One of the nation’s oldest organizations dedicated to beneficial use of atomic energy — the Michigan Memorial Phoenix Project — has awarded four small grants to a new class of awardees.
These small grants allow researchers to explore interesting, risky “first” questions in lines of inquiry that could lead to unexpected breakthroughs and larger projects. The grants in this year’s round of awards will provide seed funding for work that could lead to less dangerous painkillers, safer nuclear power plants, better energy storage, and safer maintenance of nuclear waste products.
U-M established the Michigan Memorial Phoenix Project in 1948 as a way to honor the 579 members of the U-M community who lost their lives in the Second World War.
Seed funding projects are awarded once per year to U-M researchers working in collaborative teams.
The four exploratory projects are listed below.
Attacking pain: Exploring new receptors for painkillers
Peter Scott, radiology
James Woods, pharmacology
Xia Shao, radiology
Though today’s opioid painkillers are effective, many pain relief methods are accompanied by serious side effects, including dependence and reduced efficacy over time. Finding a strong, effective, and non-addictive painkiller requires exploring new receptors- the molecules found on the surface of cells that enable our bodies’ biochemical conversations with drugs. This project will use Positron Emission Technology (PET), a nuclear medical imaging technique, to map the interaction between various promising analgesic test compounds with the receptors that may process our experience of pain.

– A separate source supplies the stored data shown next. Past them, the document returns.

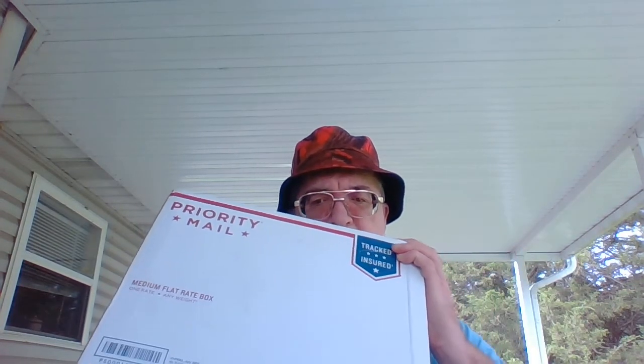Hi, this is Steve, SuperMailRetro. I've got another pickup today. This is from eBay. I just got this in the mail.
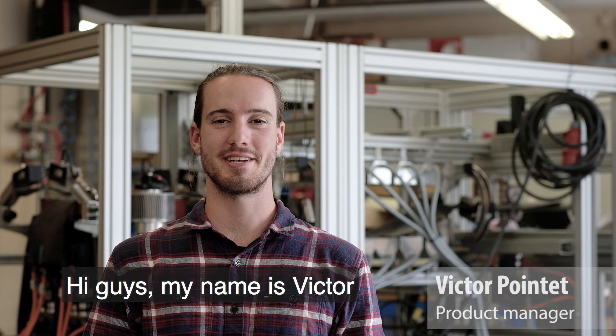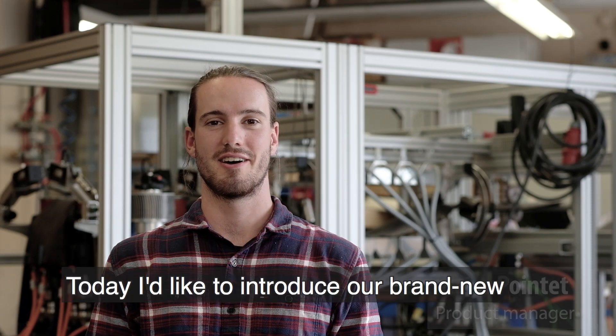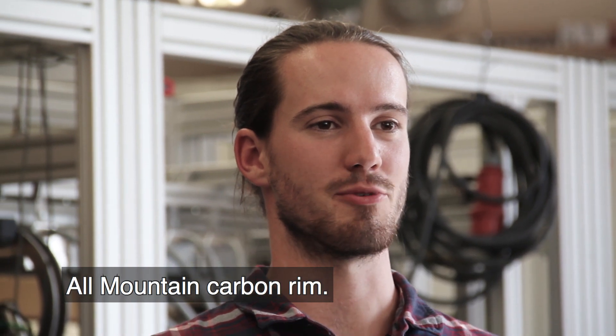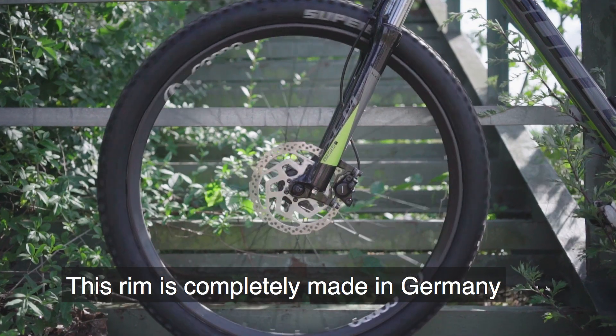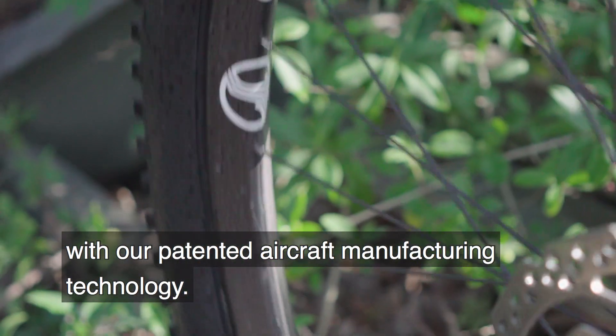Hi guys, my name is Victor and I'm working for CoPro Technology. Today I'd like to introduce our brand new Old Mountain carbon rim. This rim is completely made in Germany with our patented aircraft manufacturing technology.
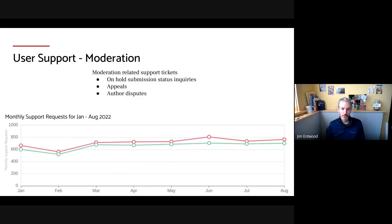We also assist users with moderation issues. If there's an extended delay, we'll check in on papers on behalf of authors. We also handle our appeals process and things like author disputes through arXiv moderation support.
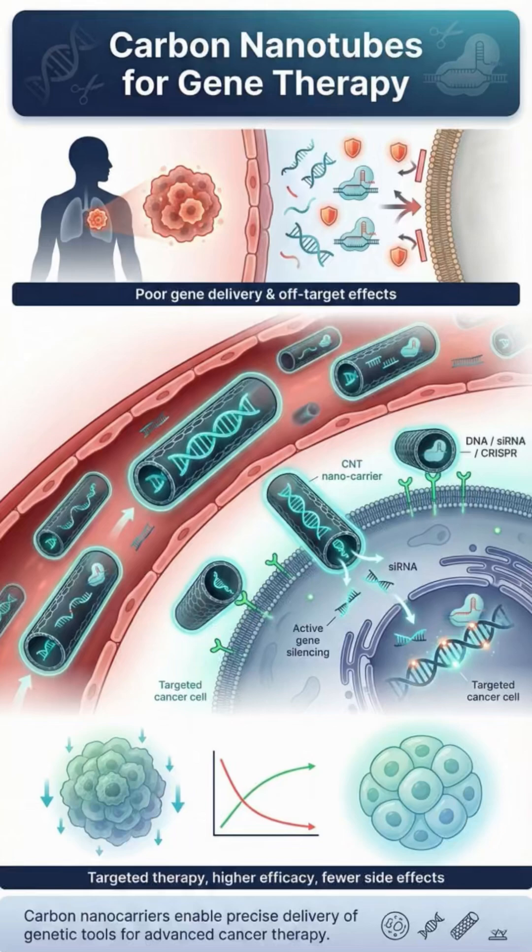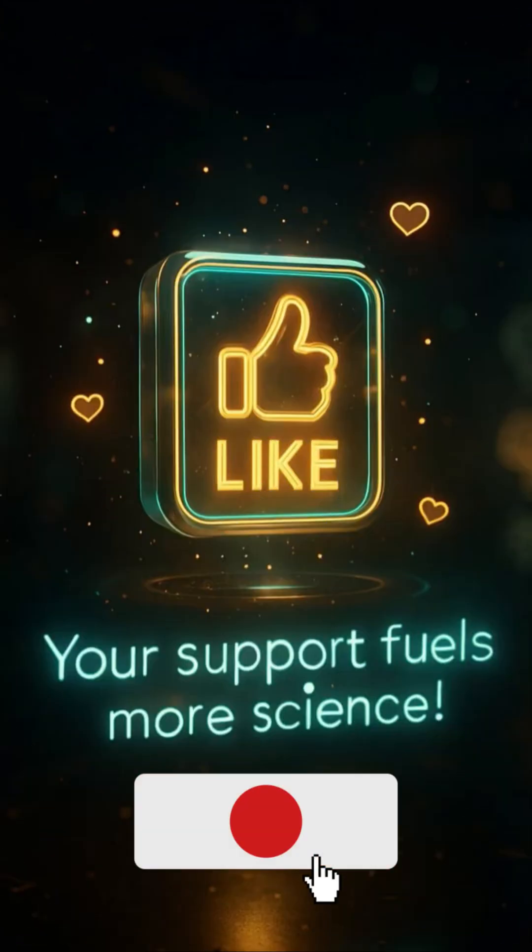Their controlled release reduces side effects, while targeted delivery boosts treatment power. A new generation of cancer therapy is emerging — one built on nanotechnology, precision, and the ability to edit life at its smallest scale.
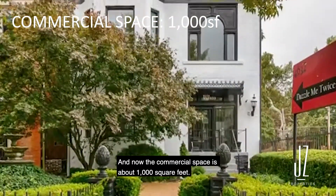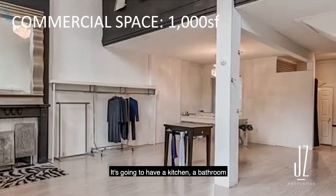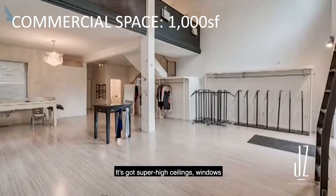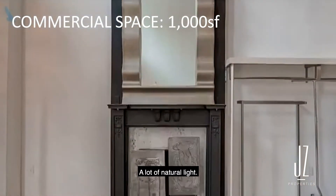Now the commercial space is about a thousand square feet. It's going to have a kitchen, a bathroom, and a little bit of a storage room. It's got super high ceilings, windows, and a lot of natural light.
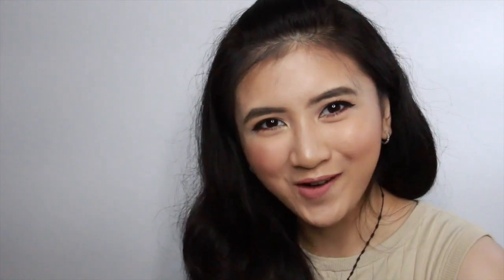Inside the box they have two cards — one is kind of a welcoming card and the other talks about the products inside. Let's get right into that. There are five products in this box: three of them are skincare and two are makeup products.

Making nuclear power plants safer
Yugo Ashida, Department of Nuclear Engineering and Radiological Sciences
Jwo Pan, Department of Mechanical Engineering
Even the materials that nuclear power plants are built with respond to radiation. This project will focus on the development of a predictive model for how radiation-assisted cracks could be controlled in nuclear power plants. Such a model could help to safely extend the life of existing plants and inform planning and materials selection for next-generation ones. The researchers plan to develop the model using Strain Rate Acceleration (SRA)- a technique by which they will be able to see how materials- in this case, stainless steel- change at different length scales before cracking starts.
Activating for a better understanding of energy storage mechanisms
Jason Siegel, mechanical engineering
Levi Thompson, professor of chemical engineering
Supercapacitors are a relatively new type of storage device that combine the fast charge acceptance properties of a capacitor with the higher energy storage capability of a battery. A supercapacitor-based energy storage device could allow drivers to charge their electric vehicle in minutes instead of hours. Early transition metal nitrides are a potential material for use in these devices, but researchers need to understand far more about how and why they work in order use them effectively. A key to understanding their performance is mapping how protons move into these nanostructured materials using neutron activation analysis. This will enable optimization of the materials for higher energy and power density.
Measuring a nuclear material inside a shielded container
Shaun Clarke, nuclear engineering and radiological sciences
Nuclear storage containers are of course designed to keep what’s inside from getting out- which is great until you want to monitor the status of the contents. Though some methods for tracking nuclear material from outside a container exist, more accurate methods are needed. This project aims to design and optimize a new type of system that will be effective for even heavily shielded containers.